25. V.G. Loganathan v. M. Balakrishnan, 2001 (1) MLJ 373, that was a suit for permanent injunction and the plaintiff had suppressed the real facts and the Court held that when a person comes to Court without disclosing the materials he is guilty of playing fraud on Court. Therefore the judgment was set aside.

26. N. Ramalinga Nainar v. Noor Mohammed Saheb, 2001 (1) L.W. 691, this was relied on by the counsel for the appellant since this also relates to the question whether the document presented for registration beyond the period provided under Section 77. This issue is not dealt with in the present case. An unreported Division Bench decision of this Court in A.S. Nos. 665 and 666 of 2001 was relied on wherein the Division Bench upheld the question related to bar under Order 2, Rule 2.

27. Both the counsel referred to proceedings before the Joint Registrar and the order passed by him. Since this in only a suit for bare injunction, the question of execution is not gone into, especially because it is submitted that an application has been filed to restore the appeals against the suits under Section 77 of the Registration Act.

28. An analysis of Section 77 of the Registration Act indicates that it can be invoked only to secure the relief of registration of document, and not for a comprehensive suit for specifically enforcing the agreement by directing the defendant to register the sale deed and for possession. This is clear from Kalavakurti Venkata Subbaiah v. Bala Gurappagari Guruvi Reddi, 1999 (7) SCC 114.

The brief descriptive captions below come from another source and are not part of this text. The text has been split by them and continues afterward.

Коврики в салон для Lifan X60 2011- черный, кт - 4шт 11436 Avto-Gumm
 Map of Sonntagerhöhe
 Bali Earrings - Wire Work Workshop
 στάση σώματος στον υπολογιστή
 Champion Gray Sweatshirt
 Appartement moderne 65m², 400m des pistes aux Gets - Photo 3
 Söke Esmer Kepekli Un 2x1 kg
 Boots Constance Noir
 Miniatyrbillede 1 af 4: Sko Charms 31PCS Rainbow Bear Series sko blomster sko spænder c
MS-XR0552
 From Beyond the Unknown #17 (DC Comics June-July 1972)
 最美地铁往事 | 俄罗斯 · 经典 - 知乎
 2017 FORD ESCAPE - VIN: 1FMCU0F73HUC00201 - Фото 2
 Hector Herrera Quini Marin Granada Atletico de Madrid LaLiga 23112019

29. The only question in this second appeal is whether the respondents are entitled to the relief of injunction on the basis of possession. In the circumstances stated above, I am of the opinion that the respondents have not come to Court with clean hands. They have deliberately suppressed the earlier suits fearing that, it would clearly show that the appellant was not co-operating with them for registration of sale deed. The mere fact that they have managed to obtain mutation of their names in the revenue records cannot help them when this was effected only after the compulsory registration of the sale deed, consequent to the decree passed by the Court in favour of the respondents. They have not chosen to get into the box, but they put their father into the box who did not know anything about the factual aspects and in fact deposed contrary to the clear recitals in Exs.A-1 and A-2 that they were put in possession on the date of Exs.A-1 and A-2.

30. The substantial question of law No. 1 is answered in favour of the appellant. The judgments of the Courts below are vitiated by perverse appreciation of materials on record and failed to see that there was absolutely nothing in the pleadings or in the evidence to show that the plaintiffs were put in possession before the date of suit. Hence, the second appeal is allowed and the judgment and decree of the Courts below are set aside. No costs.